In this study, we employed two different methods for detecting mentions of type ADR, drug class, animal, severity, factor, and negations from drug labels. The neural network-based approach outperformed the dictionary- and rule-based approach in terms of extracting ADRs. Our study suggests that a system composed of a deep learning architecture for entity recognition and a rule-based model for entity normalization is a promising approach for ADR extraction from drug labels.

Methods

A high-level description of our integrated deep learning and dictionary/rule-based approach for entity detection and normalization is illustrated in Fig. 2. We investigated the performance of using both a machine learning approach and a dictionary/rule-based approach for mention-extraction task of the TAC-ADR 2017 challenge, whose goal was to extract entity mentions in drug labels such as ADR, drug class, animal, severity, factor, and negation. For example, in the sample sentence provided in the Introduction section, the severity mention “mild” has been annotated, since it defines the severity of the ADR “injection site reaction”. If “mild” occurs in a drug label in another context such as the symptoms of a disease being mild, then it is not annotated, since it is not related to an ADR.

Fig. 2
figure 2

Overall workflow. This figure illustrates our overall workflow in the present study. Drug labels included in the TAC dataset were analyzed to identify ADRs and normalized them through MedDRA v20. Pre-processing was needed only when the deep learning architecture was used

Another main task in this TAC-ADR challenge was to properly normalize the positive ADRs detected in the previous task to their corresponding MedDRA terms. For ADR normalization we extended and used our in-house literature mining program SciMiner [19], which is a dictionary- and rule-based literature mining platform for identification of genes and proteins in a context-specific corpus. MedDRA preferred terms (PT) and lowest level terms (LLT) were added to SciMiner, which normalized the positive ADRs to MedDRA preferred terms. MedDRA has the medical terminology hierarchy arranged from very specific to very general, where LLT is the most specific layer and PT is on top of it.

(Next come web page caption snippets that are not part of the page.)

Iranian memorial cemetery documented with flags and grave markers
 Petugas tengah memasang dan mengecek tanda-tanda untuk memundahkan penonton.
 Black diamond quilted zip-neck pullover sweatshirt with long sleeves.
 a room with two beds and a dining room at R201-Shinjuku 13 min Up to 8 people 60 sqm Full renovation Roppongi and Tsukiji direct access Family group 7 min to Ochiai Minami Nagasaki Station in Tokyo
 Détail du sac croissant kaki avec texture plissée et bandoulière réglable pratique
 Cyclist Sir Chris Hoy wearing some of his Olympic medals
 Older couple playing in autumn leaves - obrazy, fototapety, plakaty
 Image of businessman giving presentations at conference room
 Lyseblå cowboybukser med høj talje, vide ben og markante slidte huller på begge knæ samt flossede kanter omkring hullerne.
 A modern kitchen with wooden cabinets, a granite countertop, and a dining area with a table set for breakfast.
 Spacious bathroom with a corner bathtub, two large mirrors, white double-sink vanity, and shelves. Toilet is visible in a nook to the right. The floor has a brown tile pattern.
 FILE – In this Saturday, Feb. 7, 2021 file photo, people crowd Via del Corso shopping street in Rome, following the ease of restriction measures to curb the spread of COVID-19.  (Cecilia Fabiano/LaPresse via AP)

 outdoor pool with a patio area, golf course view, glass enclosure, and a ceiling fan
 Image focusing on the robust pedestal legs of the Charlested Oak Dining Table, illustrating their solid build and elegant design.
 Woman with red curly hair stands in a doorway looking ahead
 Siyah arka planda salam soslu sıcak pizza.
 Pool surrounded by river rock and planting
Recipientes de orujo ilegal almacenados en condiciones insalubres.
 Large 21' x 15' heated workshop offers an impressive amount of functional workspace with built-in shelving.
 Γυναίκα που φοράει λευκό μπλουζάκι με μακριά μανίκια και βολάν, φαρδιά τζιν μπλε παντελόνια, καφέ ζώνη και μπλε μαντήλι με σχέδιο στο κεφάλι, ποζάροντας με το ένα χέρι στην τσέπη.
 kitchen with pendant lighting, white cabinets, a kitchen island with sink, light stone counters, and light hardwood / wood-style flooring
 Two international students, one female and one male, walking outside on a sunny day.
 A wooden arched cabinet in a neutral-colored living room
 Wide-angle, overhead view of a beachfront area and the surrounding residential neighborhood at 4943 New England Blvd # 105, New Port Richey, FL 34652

The machine learning component operates on sentence level and requires the input to be tokenized. Therefore, the first step of our system was to transform the drug labels, given in XML format, to sentence-split and tokenized format. The NLTK package (http://www.nltk.org) was used for sentence splitting and tokenization. Since the documents were not well formatted and contained tables, a Python script was internally prepared to detect text pieces and table parts. These initial preprocessing operations increased the performance of the sentence splitter. The machine learning and dictionary-based components of the system are described in more detail in the following subsections.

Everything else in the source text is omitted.